Linux VM became buggy too. Interesting thing #1: is that its bugging VERY rarely. But its obviously bugging too.
I see 20 seconds of normal work and then 20 seconds of hard lagging where even GUI almost doesn't respond.
Then 20 seconds of normal again. And so on. This linux VM (ubuntu) did lag only ONE time within these week.
Only ONE time. However, windows VMs lag after 1-3 hours of work. Another Interesting fact #2 is that the more VMs opened
the less time you work before lags begin. If I work with two VMs (linux and win10) I can work for approximately
a day. If I open Linux + Two Windows 2019 Server VMs, it's about 1-3 hours. Then one of Windows Server 2019
VMs start lagging (the one I work on).
And another interesting thing #3 is that there is no process eats CPU time on VMs. On VMs, there is ABSOLUTELY good CPU time counters. Like nothing is lagging. No process eats time. On windows, I tried Resource Monitor (built in utility from M$), which is showing that user threads consume about 100% of CPU time.
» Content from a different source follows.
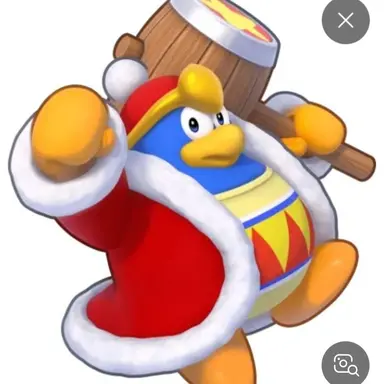 Profile image of 디디디대왕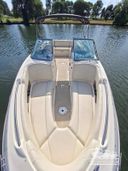 Maxum SR3 -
However I couldn't find the process/thread that is doing it. Very strange.
I will do any kind of profiling any system of mine if the VMWare developers ask me to.
I can try profiling vmmon/vmnet drivers on host OS (Ubuntu Linux) if I get some free time to do this.
It seems it's not so easy as profiling usermode process with perf utility.
I'm pretty sure this is either a bug in VMWare workstation or Ubuntu 21. The thing is that I there were both
VMWare AND Ubuntu patches at one time. I couldn't recognize what is the problem then.
And finally another Interesting thing #4: if I switch the memory option (Always fit VMs in memory switch to Allow some VMs memory to be swapped), this entire bug begins to appear much more often. And like I already said,
the only thing that helps is host REBOOT.
Don't you guys know if the VMWare developers/admins do read these topics?
I hope so. Because it's VERY hard to work that way. I'm very desperate and sad these weeks.